┏━━
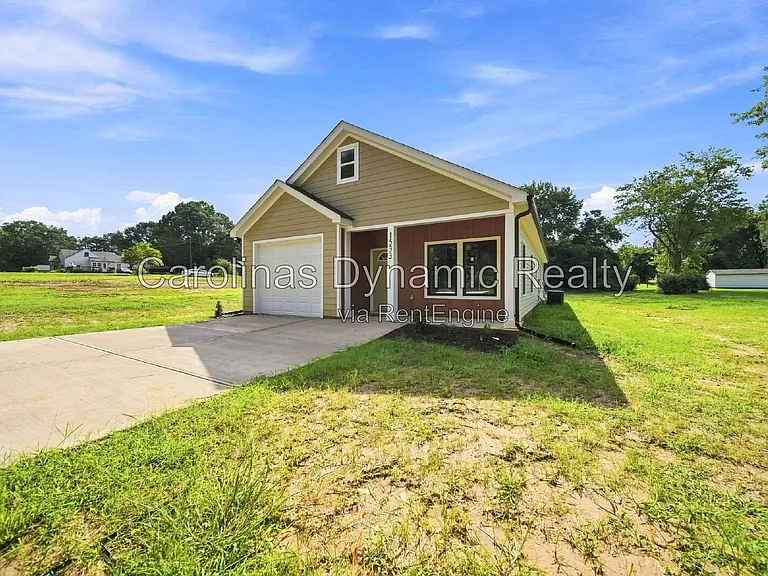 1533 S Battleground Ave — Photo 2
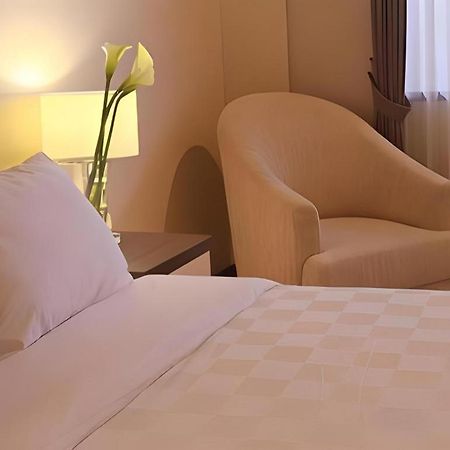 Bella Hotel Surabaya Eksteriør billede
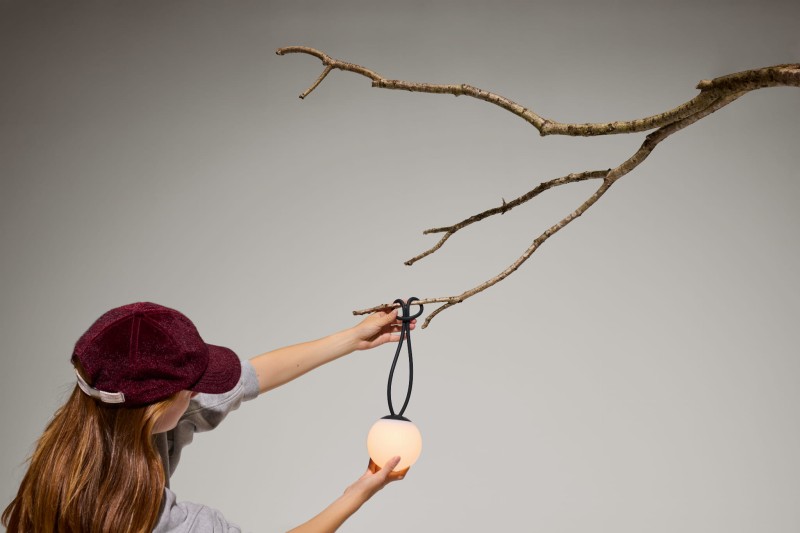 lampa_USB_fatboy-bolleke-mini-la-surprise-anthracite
┗━━
┏━━
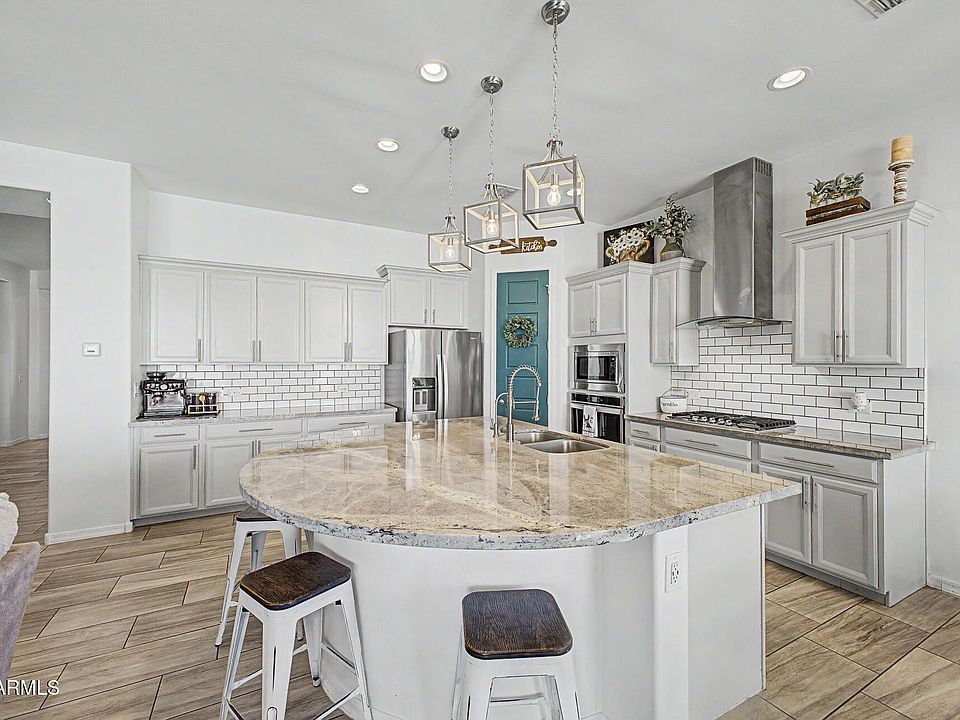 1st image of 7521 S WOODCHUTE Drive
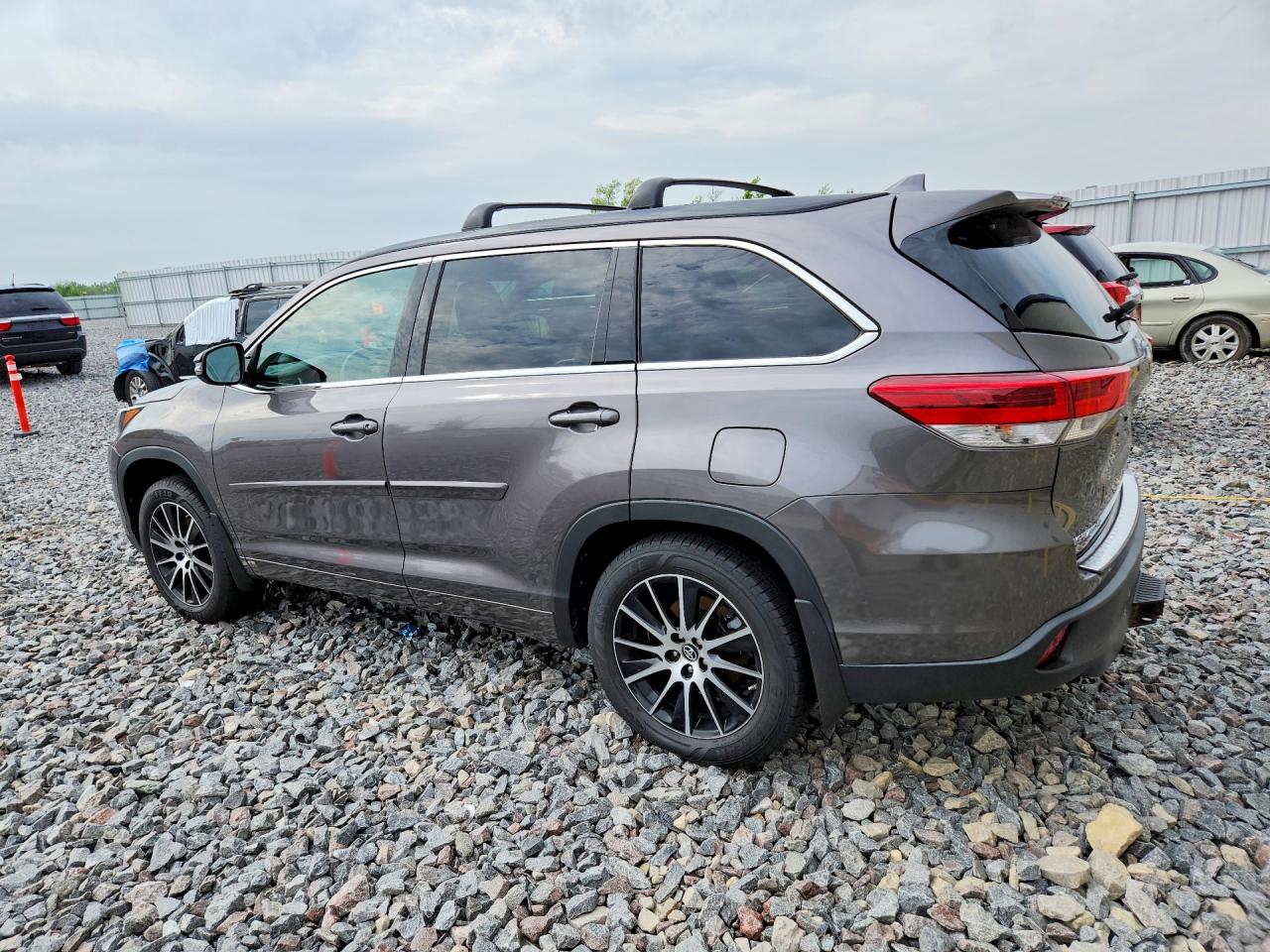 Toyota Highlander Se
┗━━
┏━━
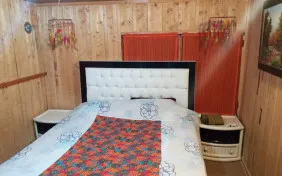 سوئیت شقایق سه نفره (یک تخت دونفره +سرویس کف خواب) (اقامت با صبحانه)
┗━━
• Brief: All pictures are to be skipped. Output, word for word, the lines in the data above starting at the line containing "1533 S Battleground Ave — Photo 2" and ending at the line containing "lampa_USB_fatboy-bolleke-mini-la-surprise-anthracite".

• Answer to the exercise:
 1533 S Battleground Ave — Photo 2
 Bella Hotel Surabaya Eksteriør billede
 lampa_USB_fatboy-bolleke-mini-la-surprise-anthracite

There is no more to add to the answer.